What is needed: The answer must be an exact copy of the lines from the one containing "人形用がらがら　ミニチュアのラトル　ドールアクセサリー　フランス" through the end of the records, with the pictures left out.

(Brief descriptive captions)
========================

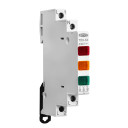 Световой индикатор фаз TD9-3X (Красный, Желтый, Зеленый) на DIN-рейку от TOMZN за 125грн (код товара: TD9-3X)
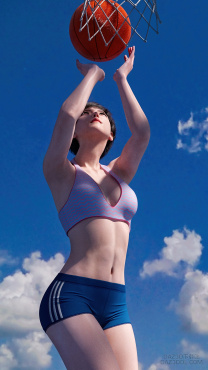 昨日晴空（多图）_DAZ3D下载站
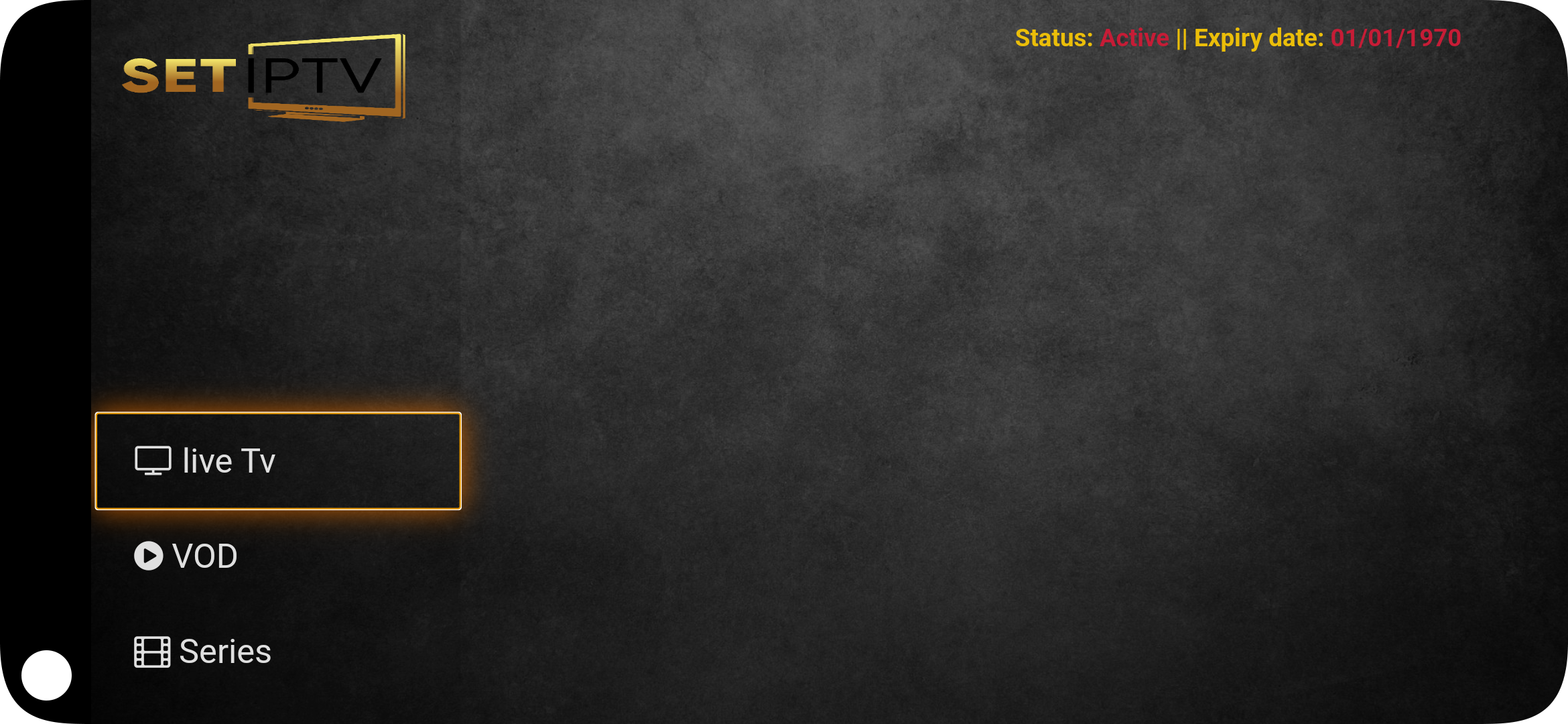 SETIPTV - SETSYSTEME PLAYER PC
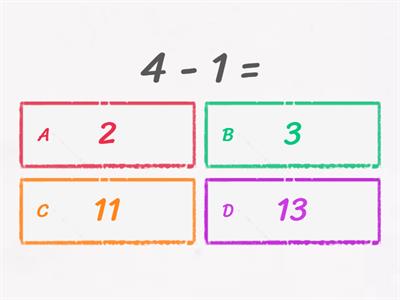 Subtraction 3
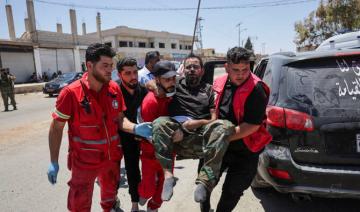 La Syrie et Israël s'accordent sur un cessez-le-feu, combats à l'entrée de Soueida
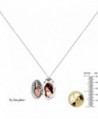 Unicorn Necklace Pendant Pegasus Jewelry in Women's Lockets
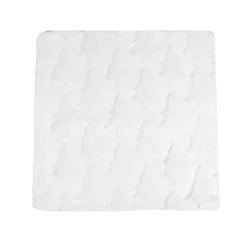 Festive Holiday Christmas Decorative Pillow Cover for Cozy Winter Home Decor (White - 4PCS)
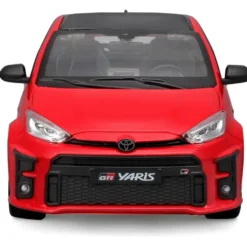 Toyota GR Yaris - 2021 - Röd - Maisto - 1:24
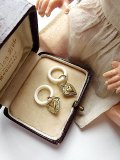 人形用がらがら　ミニチュアのラトル　ドールアクセサリー　フランス　　　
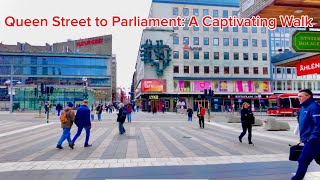 Queen Street to Parliament: A Captivating Walk in Stockholm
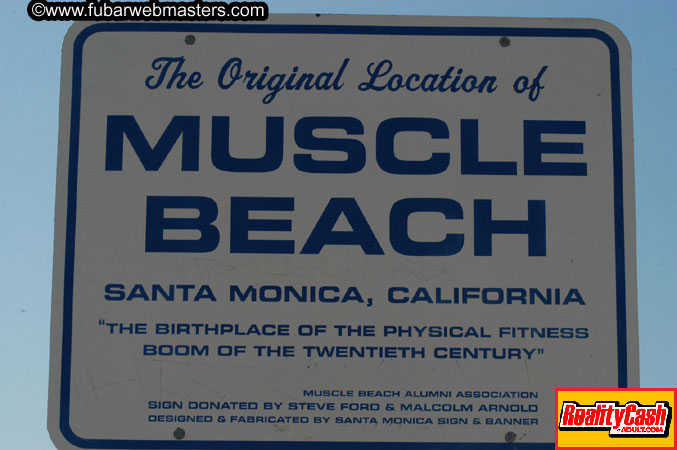 Santa Monica Beach & Pier 2004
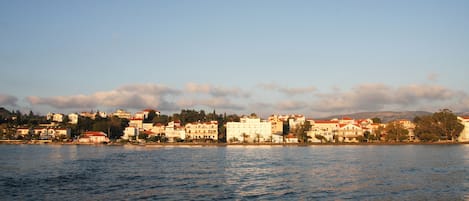 In Strandnähe
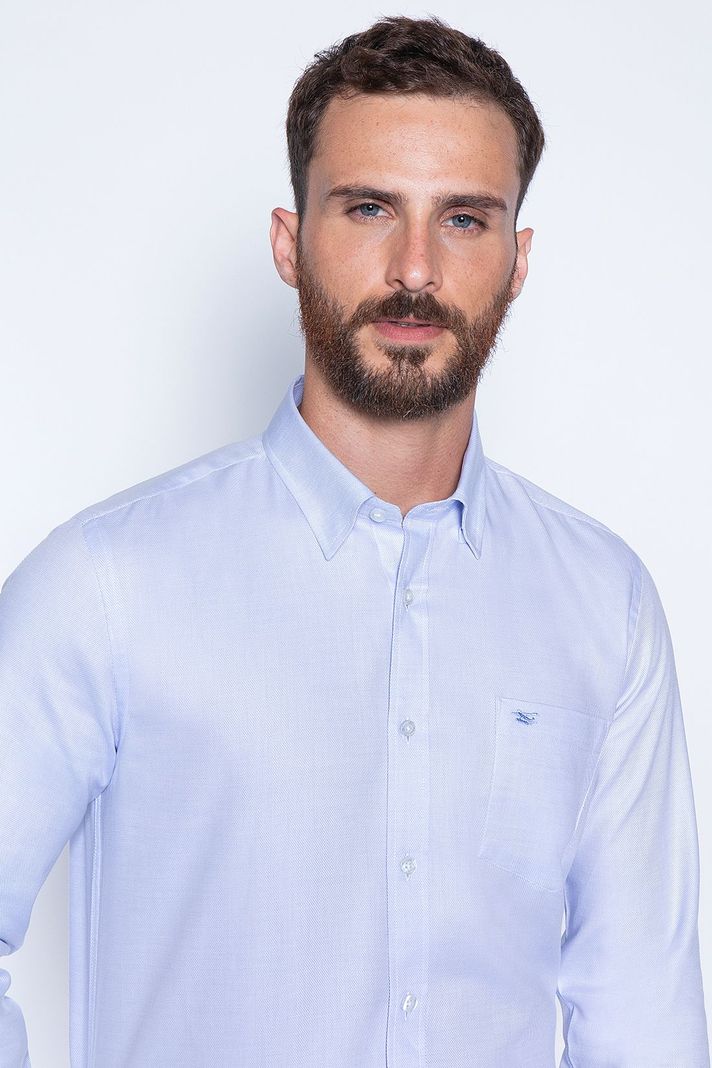 Camisa Smart Casual Boston Sky-2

========================

Task output:
 人形用がらがら　ミニチュアのラトル　ドールアクセサリー　フランス　　　
 Queen Street to Parliament: A Captivating Walk in Stockholm
 Santa Monica Beach & Pier 2004
 In Strandnähe
 Camisa Smart Casual Boston Sky-2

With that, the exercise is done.